Friends of Animals would like to announce the release of a new public service announcement, now available via Internet. The name of the video is Alaska Wolves.

Alaska Wolves brings to viewers a dramatized scene of aerial wolf hunting. The practice was ended in Alaska in the 1970s, and the state’s residents have actually voted twice to end same-day use of aircraft for public wolf hunting and trapping. Yet pilots in search of prey have come back to haunt North American wolves under the Governor Frank Murkowski’s undemocratic leadership.

It is now clear that the Alaskans who want an end to the hunts need outside support. Alaska seems remote to many, but we believe that people will be motivated to intervene on behalf of the wolves once the world sees what is happening.

We have set up a special donation page, and we ask for your help to further our efforts to save Alaska Wolves.

If you are a member of the media and are interested in airing this public service announcement copies can be made available upon request. Please email us at info@friendsofanimals.org.

Friends of Animals would like to thank the following individuals who contributed to the creation of this public service announcement: Chooi-Leng Tan, Todd Kuehnl, Arnold Gallardo, Scott Moran, Nathan Searles, Barbara LaRue, Leo Keeler, Dorothy Keeler, and Josh Schaerti.

Comments

Hi Lisa, As you welcome additional thoughts for your report, I'd like to share my view. Despite claims that Alaskan villagers must hunt moose to survive, they are indeed making a choice to eat moose, or hamburgers, or plant-based foods. Thus, their "subsistence" problem is one of their own creation. Besides that, moose, wolves, and other free-living animals can adjust their populations naturally when they are not hunted. So we need to reconsider how the choices we make can cause harm to ourselves and other animals, as well as our environment. Ellie

This is for the two Jeffs and anyone else who wants to 'manage' the ratios of wolves. Lets put something into perspective here, we don't go around managing the amounts of PEOPLE. When was the last time that you said, "there are too many PEOPLE living in Alaska...we need to do something about that!"The last time I checked, People weren't created to kill other things.
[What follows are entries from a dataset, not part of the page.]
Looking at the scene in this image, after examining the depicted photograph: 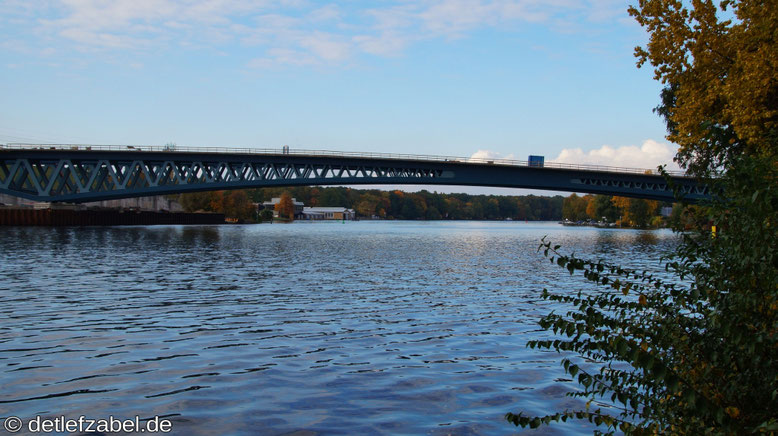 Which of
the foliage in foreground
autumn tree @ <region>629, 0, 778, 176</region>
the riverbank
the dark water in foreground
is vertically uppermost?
autumn tree @ <region>629, 0, 778, 176</region>

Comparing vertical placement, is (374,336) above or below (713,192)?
below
This is something I find needs immediate action! People weren't put on this earth to control the population, they were meant to expand it! If they want to hunt something go put two people in a moose costume! Why would they want to do this to such beautiful creatures? I pray that this will end soon, to their benefit and ours. Please give your support for those reading this page.
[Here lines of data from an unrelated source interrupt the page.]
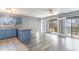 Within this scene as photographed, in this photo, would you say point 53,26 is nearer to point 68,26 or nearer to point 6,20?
point 68,26

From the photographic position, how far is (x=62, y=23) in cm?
244

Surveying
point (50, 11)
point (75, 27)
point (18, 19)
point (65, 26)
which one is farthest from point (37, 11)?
point (75, 27)

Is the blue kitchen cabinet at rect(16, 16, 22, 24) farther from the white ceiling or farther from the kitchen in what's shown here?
the white ceiling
I travel to Alaska each year from Ireland to work the Iditarod and here I meet up with other volunteers from all over the world. Alaska must be one of the most beautiful places I've been to, but what disappoints and saddens me every time I go is that almost everyone I meet either wears fur (from whatever origin), is an active and avid purchaser of it, or hunts - it seems that nobody stops to consider anything aside from their own gratification and 'right' to decimate these resources as they see fit. For a place where, to my mind, the most incredible assets lie in nature including animals in their own habitats, I find this senseless plunder by its own citizens and people from outside unbelievable.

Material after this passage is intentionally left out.